I am not over dramatizing or simplifying to state that other than the birth of my children and the marriage to my wife, this was THE most amazing heartwarming experience of good and kindness that I have ever experienced. Something I will never ever forget.
I was surrounded by only positive energy and love that was injected into every human being that attended the event. It was inspirational to see and hear the stories of the athletes, their family and friends, supporters and other volunteers.
To see Jason who finished 4th without a medal, jumping and screaming with joy because he emulated his idol Tiger Woods by beating another player on the day was remarkable. The way he celebrated on the podium was simply positivity at a level I have never seen; this is surely what life is about.
Has the experience changed me? Well I certainly feel I am a better human being for being part of this wonderful spectacle.
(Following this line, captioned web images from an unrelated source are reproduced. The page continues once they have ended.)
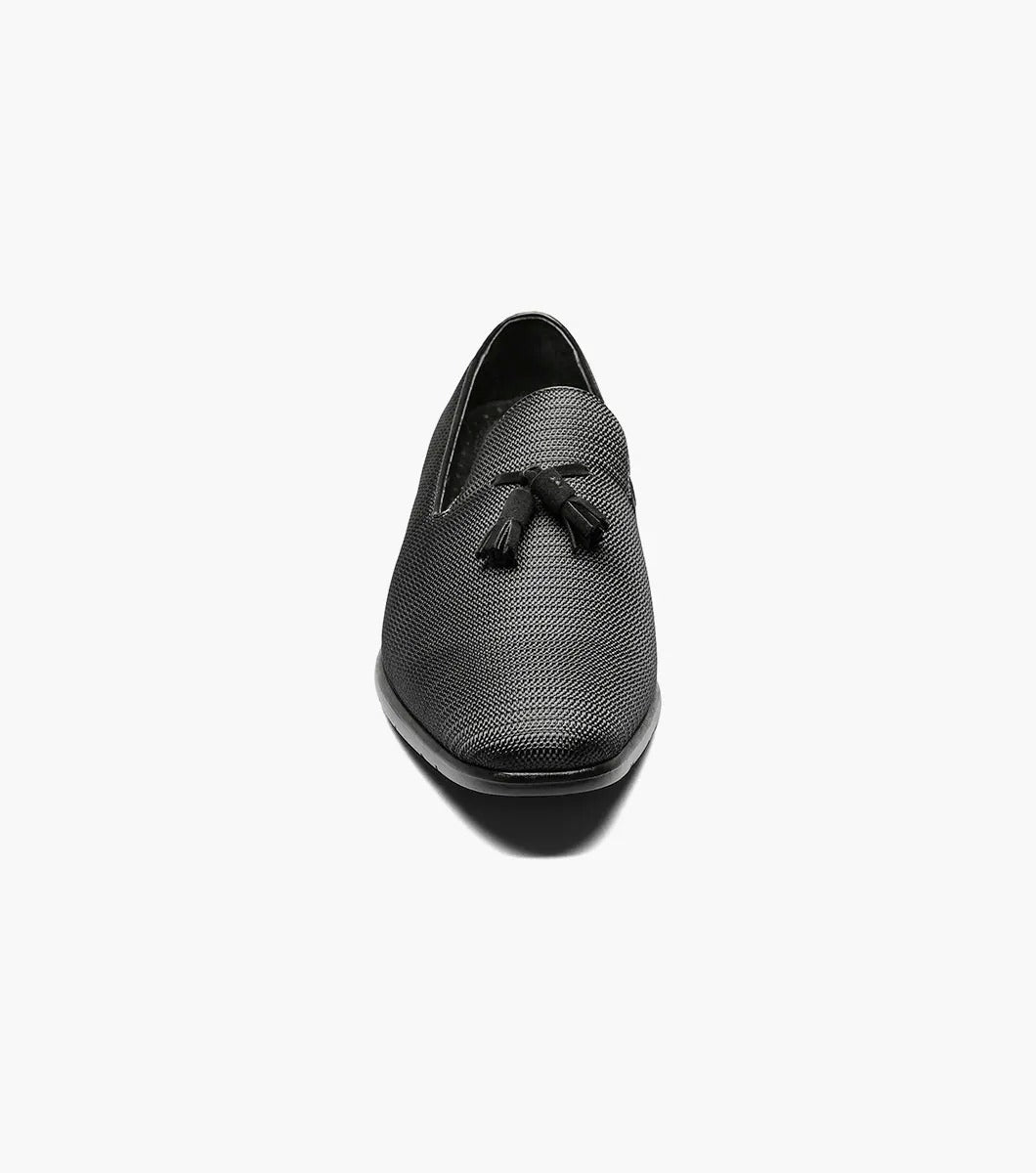 The STACY ADAMS Tazewell Plain Toe Tassel Slip On in black (25343-001) features textured leather, decorative tassels, a low heel, and cushioned footbed, shown on a white background.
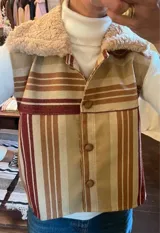 Chaleco con estampado a rayas verticales en tonos beige, marrón y rojo, con cuello de piel sintética color crema y cierre frontal con botones.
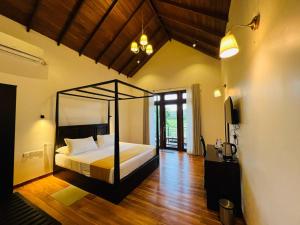 Letto o letti in una camera di Lion Gate Hotel Sigiriya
If nothing else it reminded me of the benefits of trying new things. I implore each and everyone one of you, step out of your normal comfort zone and try the joy of doing something new for the first time. Search out to people and just do one good thing, make a coffee for your colleague, be spontaneous, go to somewhere you’ve never been to before, start a conversation with a stranger.
It might rain, we might lose a client, we may even get angry with each other, but all this isn’t important in the context of the experience I’ve just been part of. As I sit here writing this, I think of Chad, and Jason who’s my personal memories will outlast many of the insignificant encounters I call times to remember.
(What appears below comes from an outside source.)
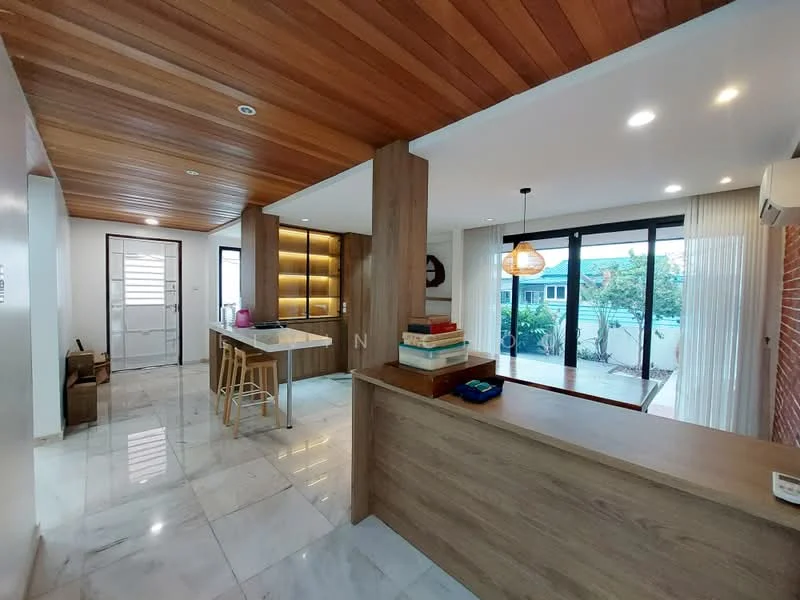 Living features: wooden ceiling with recessed lighting, marble tile flooring, large sliding glass doors, brick accent wall, built-in wooden cabinetry, open layout, bar counter with stools, natural light from windows, decorative wall light; style: modern; view: garden.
…and to finish where I began, Amanda Patterson is an Olympic Bronze medalist. More importantly Amanda is a reminder that in a world of negativity, oppression and materialism there is also a world where there is a positive spirit in which human kindness, self-belief and positivity lives stronger in those that are far worse off than the average person. To quote the son of Special Olympics founder Eunice Kennedy Shriver in his speech at the closing ceremony at Zayed Sports City Stadium, ‘Be strong. Be ready. Be you and be free’.